EXERCISE DATA:
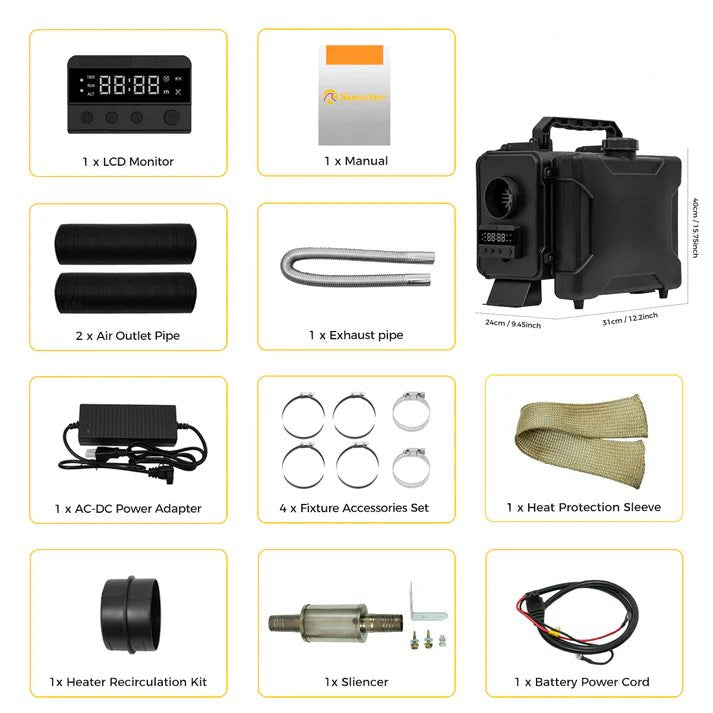 Sunster HTB1 8k 12/24V– GSM LTE 4G/5G - SejlStrøm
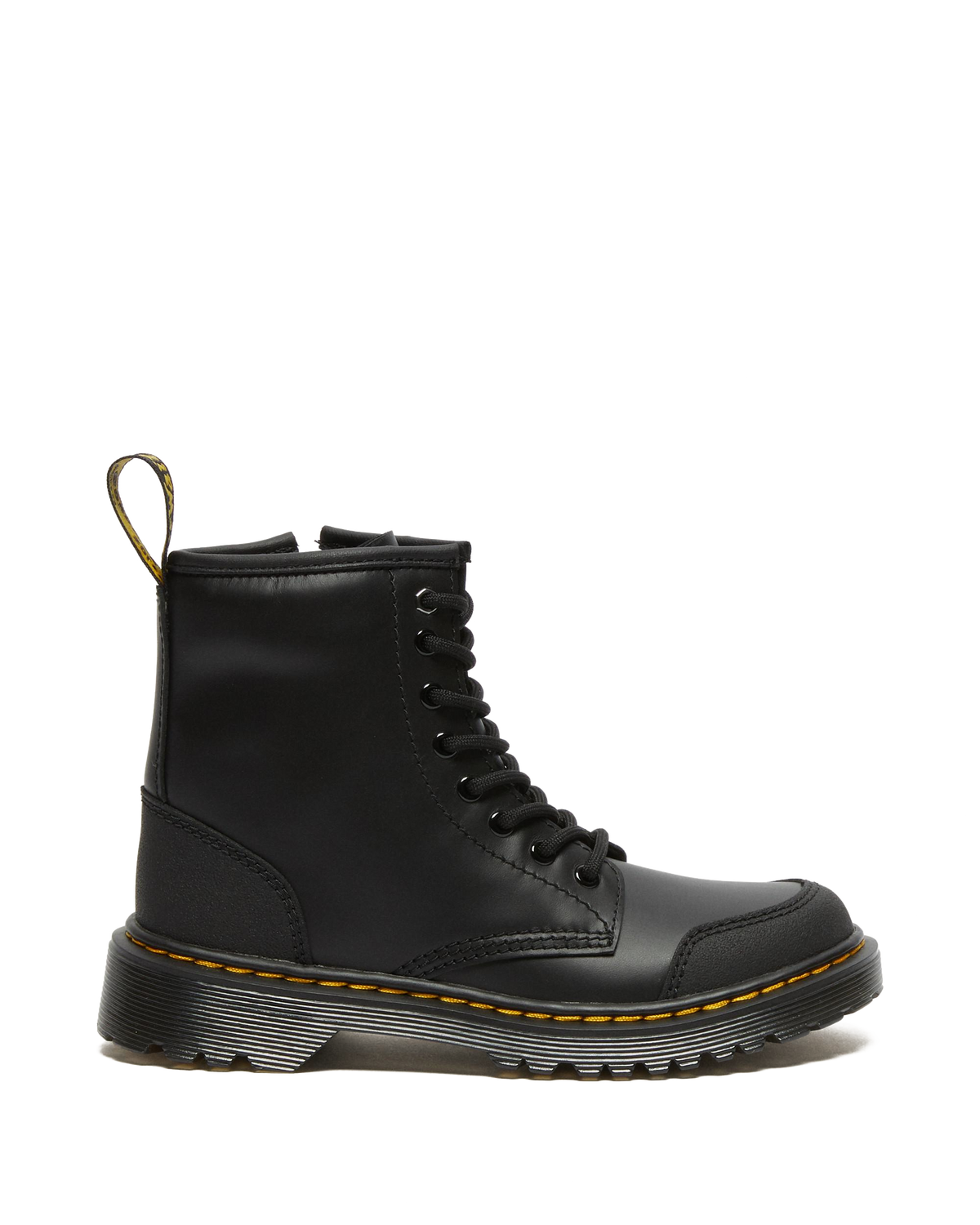 Junior 1460 Overlay Leather Boots
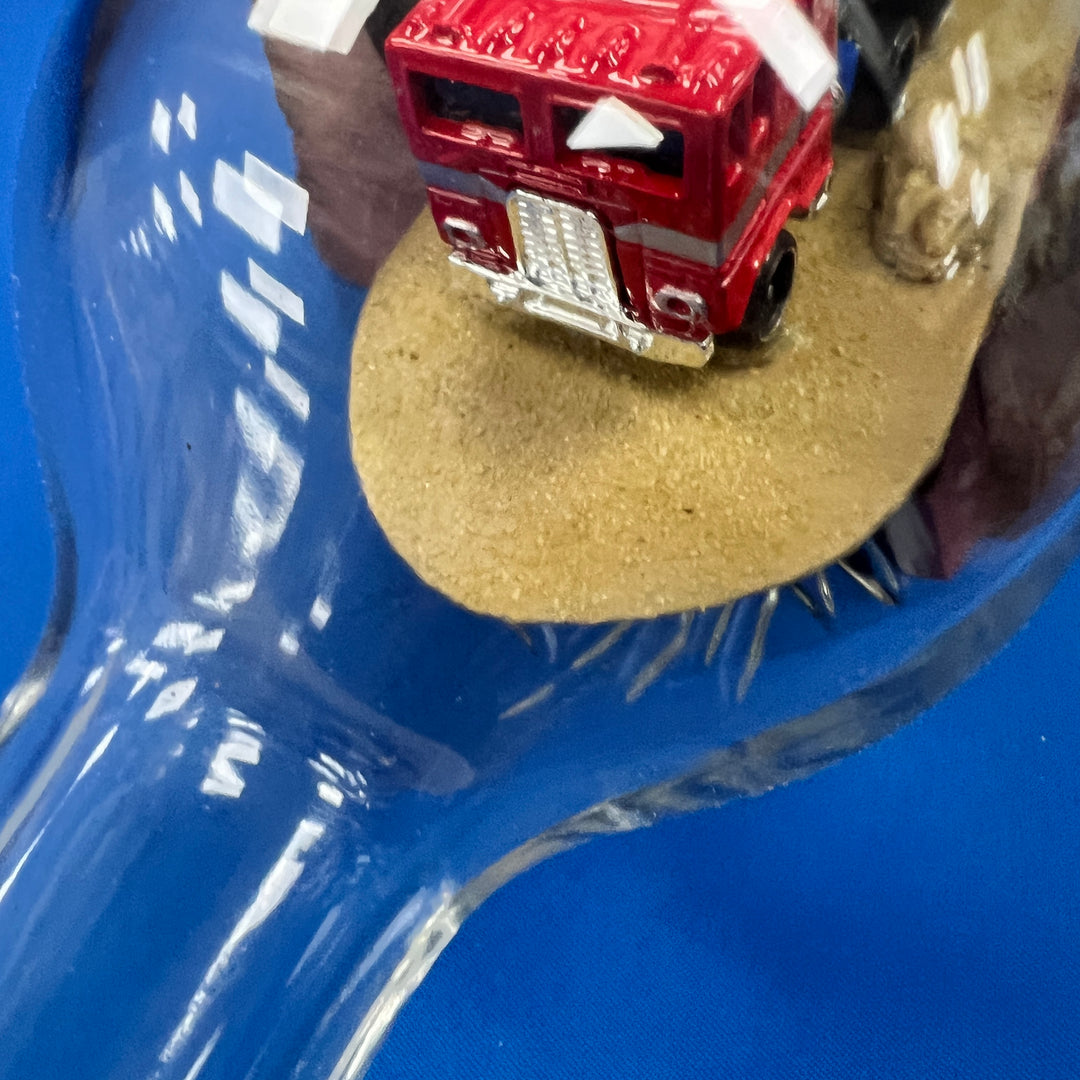 Optimus Prime Truck Mode in a Bottle
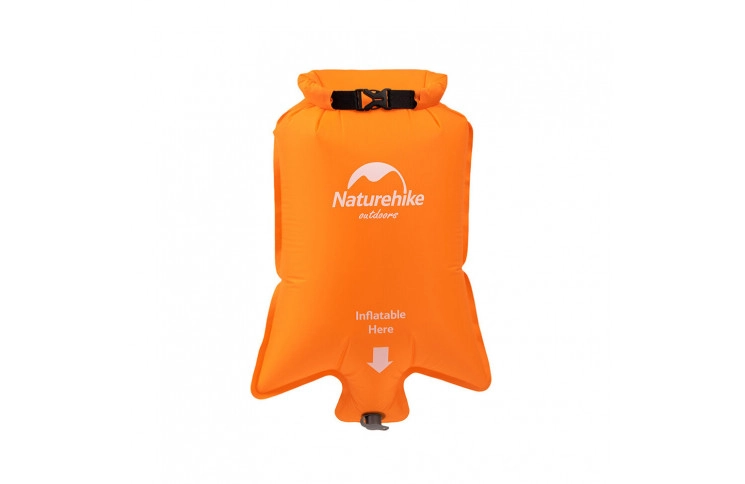 Герметичний мішок для надування матрацу Naturehike FC-10 (NH19Q033-D) orange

TASK REQUIREMENTS:
When you copy the listing above, reproduce every line exactly and skip the images.

SOLUTION TO THIS PROBLEM:
 Sunster HTB1 8k 12/24V– GSM LTE 4G/5G - SejlStrøm
 Junior 1460 Overlay Leather Boots
 Optimus Prime Truck Mode in a Bottle
 Герметичний мішок для надування матрацу Naturehike FC-10 (NH19Q033-D) orange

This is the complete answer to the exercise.